I’m not mad, I’m disappointed. That’s it. Like the time you were so drunk you fell down the stairs, rolling through your own vomit before hitting the bottom. Or, when your Mom caught a girl sneaking out of the house at 6am and she wasn’t even good looking. How about when you had to show them your report card with a final grade of 12% in your math class? Just disappointed? You should have been furious.
Anyone who still harbored the misguided notion that we could somehow, despite the futility of our attempts, sneak into a Champions League spot by the time May rolled around can shut your gob right now.

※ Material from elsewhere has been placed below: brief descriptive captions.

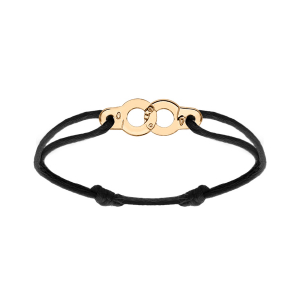 BRACELET ARGENT ET DORURE JAUNE MOTIF MENOTTE CORDON COULISSANT NOIR BRACELET ARGENT ET DORURE JAUNE MOTIF MENOTTE CORDON COULISSANT NOIR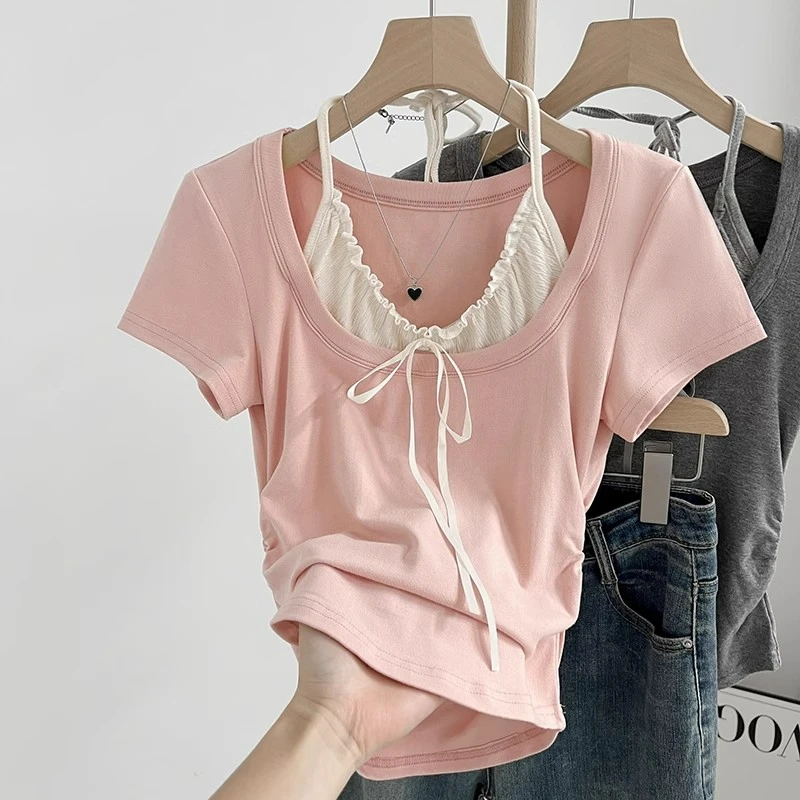 粉色甜辣妹正肩短袖T恤女夏季蝴蝶结褶皱收腰紧身短款假两件上衣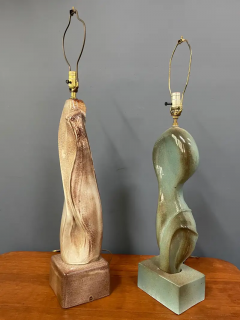 Marianna Von Allesch Marianna von Allesch Pair of Complimentary Ceramic Mid Century Table Lamps - 2518395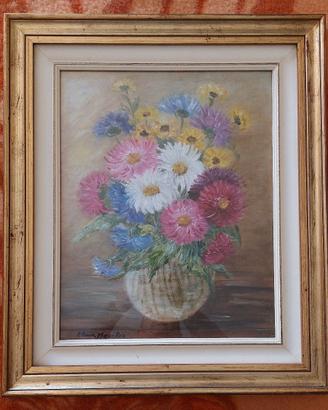 Quadro Dipinto Olio "Fiori" Elena Maschio 1982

A wonder goal from Sebastián Coates, a simple second from Dirk Kuyt, more chances than mathematically possible to calculate and no less than 11 corner kicks in 25 minutes and still we can’t string together 2 back to back wins in the league. 3 unanswered goals, one of them from former Liverpool striker Djibril Cisse, and just like that we throw another “easy” one away.
If you don’t laugh, you’ll cry. Far past the point of embarrassment, bordering on psychosis. No chance to save your pride today.
I still believe. In the club. In Kenny. In the players and everything I did before having my testicles kicked into my throat, but what the hell is going on? Time for bed. Now.
–steven.
I am not convinced by Kenny, 20 years out of the game and it shows, Roy Hodgson would have been booed off
Bring back Rafa. I knew the moment we sacked the great man we were in trouble.
Time to drop Carroll and Adam – play Morgan and Shelvey…they can’t be any worse than the lumbering parking bollards we currently have in midfield and attack…
The consistency in Liverpool’s results has been the worst thing this season. You literally couldn’t put a bet on them this season without the risk of it not coming off. To lose 3-2 after being 2-0 up should never happen to a team who supposedly have ambitions of qualifying for the Champions League again.